=== Begin Enclosure ===

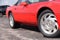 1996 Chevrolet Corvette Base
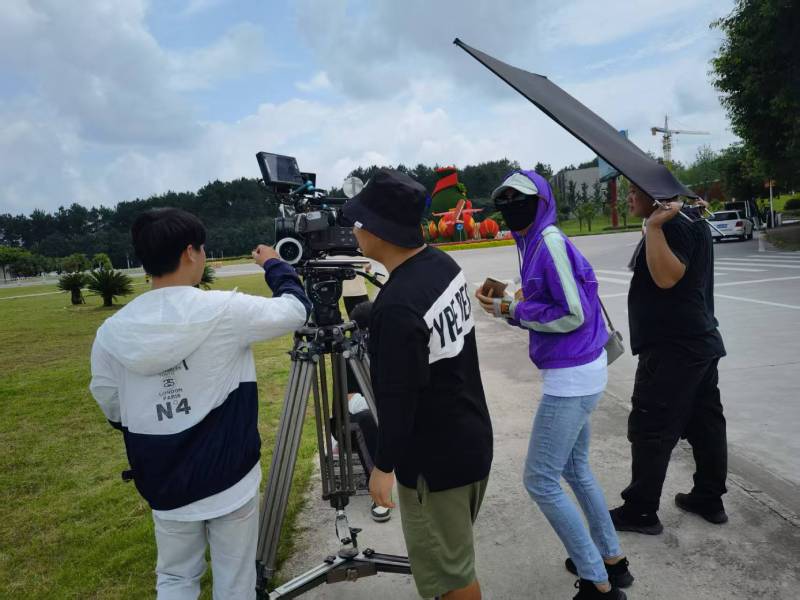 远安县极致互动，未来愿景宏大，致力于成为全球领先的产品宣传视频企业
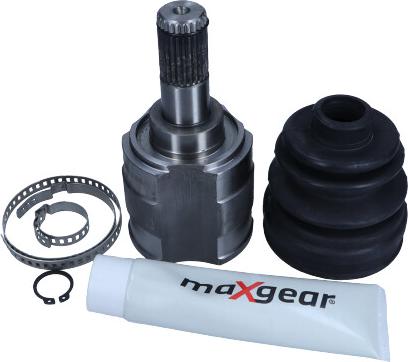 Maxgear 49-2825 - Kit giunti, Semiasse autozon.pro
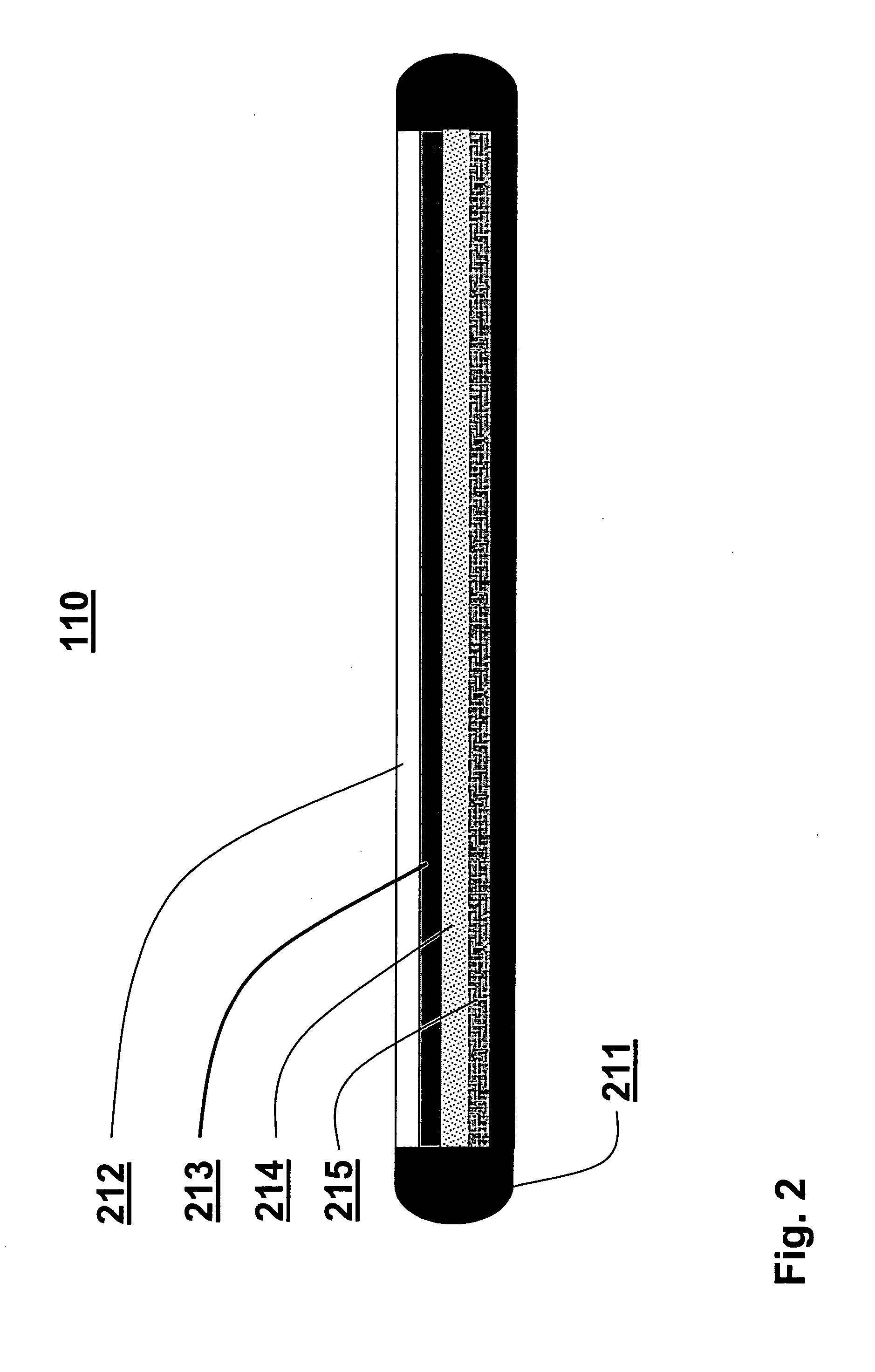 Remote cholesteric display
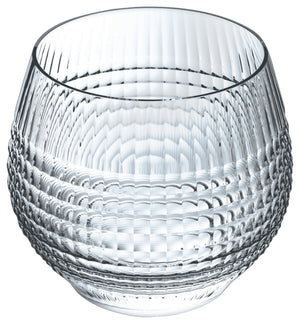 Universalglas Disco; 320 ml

=== End Enclosure ===

Exercise goal
Copy the data exactly. Any picture it contains is to be omitted.

Response
 1996 Chevrolet Corvette Base
 远安县极致互动，未来愿景宏大，致力于成为全球领先的产品宣传视频企业
 Maxgear 49-2825 - Kit giunti, Semiasse autozon.pro
 Remote cholesteric display
 Universalglas Disco; 320 ml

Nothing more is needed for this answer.